Nie milkną echa odpadnięcia Bayernu Monachium z półfinału Pucharu Niemiec. Bawarczycy nie mogą pogodzić się z porażką, obwiniając za nią złe sędziowanie.
Do 76. minuty półfinałowego starcia z Borussią monachijczycy prowadzili 1:0 po golu Roberta Lewandowskiego. Wtedy stan rywalizacji wyrównał jednak Aubameyang, w dogrywce goli nie było i o awansie do finału musiał zdecydować konkurs rzutów karnych. W nich lepsi okazali się dortmundczycy.
Po spotkaniu z odpadnięciem nie mógł pogodzić się Bayern. Jeszcze w regulaminowym czasie gry arbiter nie podyktował bowiem ewidentnej jedenastki dla podopiecznych Guardioli.
„To szaleństwo, że Bayern za porażkę obwinia teraz sędziego.
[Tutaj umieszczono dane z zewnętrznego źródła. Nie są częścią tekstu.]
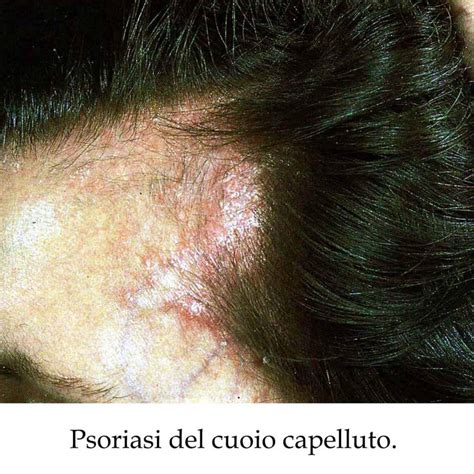 Bambino con chiazze di alopecia sul cuoio capelluto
To im się często zdarza kiedy z nami przegrywają. Jeśli nie potrafią wykonywać rzutów karnych, powinni je po prostu poćwiczyć” – stwierdził kąśliwie zawodnik BVB, Sebastian Kehl, cytowany przez serwis BBC.
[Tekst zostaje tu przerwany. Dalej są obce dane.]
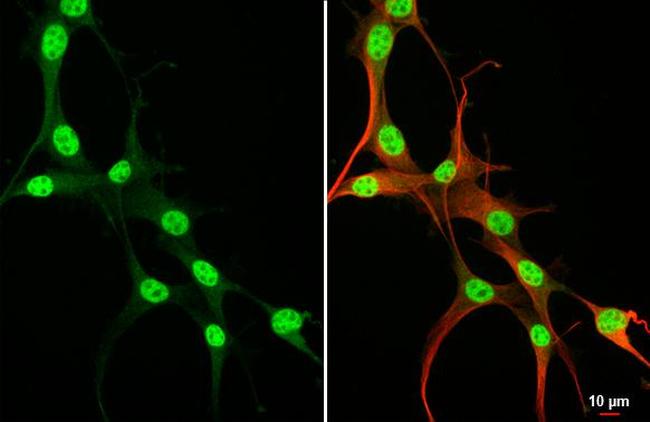 RUNX1 Antibody in Immunocytochemistry (ICC/IF)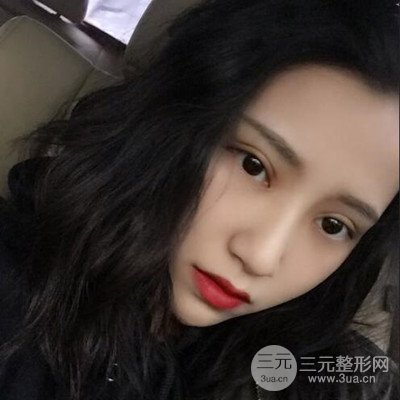 雙眼皮多項(xiàng)整形整形案例：切開雙眼皮+開內(nèi)眼角前后對(duì)比圖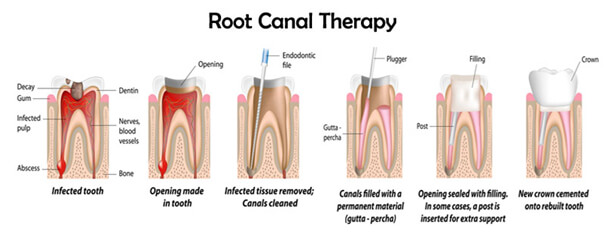 Root Canal Therapy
„Kiedy twoja strata do lidera wynosi w lidze ponad 35 punktów, powinieneś siedzieć cicho. Teraz będziemy mieć wiele czasu na ćwiczenie karnych, skoro już jesteśmy mistrzami” – odpowiedział Niemcowi Guardiola.
W finale Pucharu Niemiec Borussia Dortmund zmierzy się z Wolfsburgiem. Mecz odbędzie się 30. maja w Berlinie.